There were those in the Republican Party who refused to cave to every one of the President’s desires, but they paid the price for their resistance. By July of this year, Trump’s grip over the party had grown so iron-tight that the Republican National Convention decided to not write a new party platform for the election cycle, but to instead affirm that they had fully committed to supporting Trump and whatever actions that he saw fit for the country.
Meanwhile, due to Trump’s extremism, the Democratic Party quickly became more about defeating Trump and the spread of his ideology — known as Trumpism. Even as party leaders have attempted to combat the notion that they “hate” Trump, it’s undeniable that most of the party’s major steps over the past four years have been centered around opposing the president.
Most prominently, the Democrat-driven impeachment of Trump was always a political move designed to derail the President’s power and influence, regardless of how solid the evidence in favor of impeachment was or how many times House Speaker Nancy Pelosi stressed that she was actually praying for Trump. It’s also likely that the party’s nomination process for its next presidential candidate would have ended very differently if not for the anti-Trump sentiment pervasive among both party leaders and voters. Early in the process, Senator Bernie Sanders (I-VT) emerged as the frontrunner for the nomination. However, while Sanders was a well-liked figure within the party, he was a polarizing figure nationwide. As a result, just when it seemed like a Sanders victory was all but a given, Democrats rallied around former Vice President Joe Biden, a much less exciting candidate but the one they saw as having the best chance to beat Trump. Biden did end up defeating the incumbent President Trump in the general election, but it was on the back of high anti-Trump sentiment rather than legitimate enthusiasm for Biden himself.
Trump may have dominated political discourse over the past four years, but come Jan. 20, 2021, he will be out of the Oval Office (no matter how hard him and his allies try to reverse the election’s outcome). Once he leaves, both parties will find themselves at a crossroads. Democrats, powered by nationwide dislike for Trump, pushed a candidate into the White House and might be inclined to capitalize further on anti-Trump sentiments by inspiring fear of a return to Trumpism.
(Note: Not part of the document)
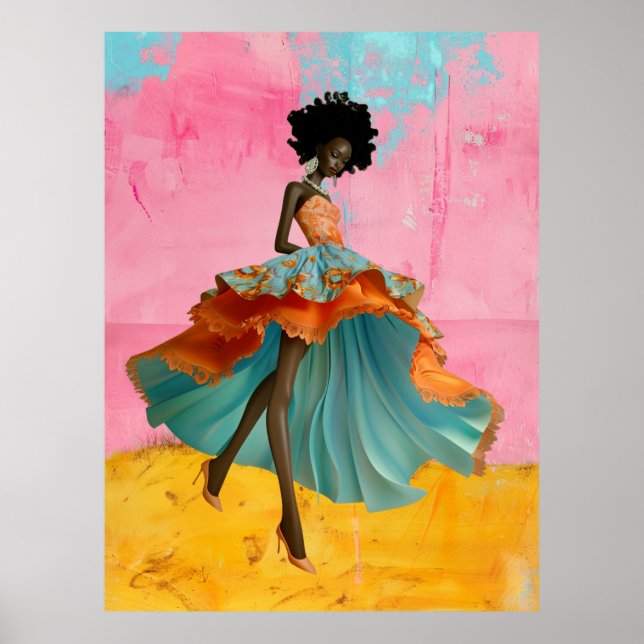 *~* FD2 39 Tropical GODDESS Black Woman Vibrant Poster (Framsidan)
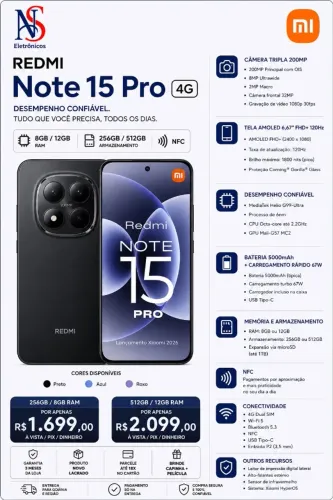 Smartphone Xiaomi Redmi Note 15 Pro 5G 256GB - 8GB Ram (Preto Azul Titanium)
The Republicans, similarly, could seek to retain Trump’s enthusiastic voter base by continuing to link themselves to Trump, especially if the incumbent decides to stay involved in politics.
However, after half a decade of politics mainly centering around one man, the more beneficial action for both parties and America itself would be to finally move past Trump and rediscover what they were meant to symbolize. The rhetoric that stems from Trump inherently cannot be constructive due to the nature of Trump himself, who has shown himself to be a divisive, chaotic, and mean-spirited character. For that reason, both the Democrats and Republicans need to establish an identity centered around policies, such as small or big government, rather than a singular and divisive figure like Trump.
Trump may have significantly altered the state of politics, but now that he is soon to be out of power, it’s time for political leaders to move past Trumpism and press the reset button on political discourse.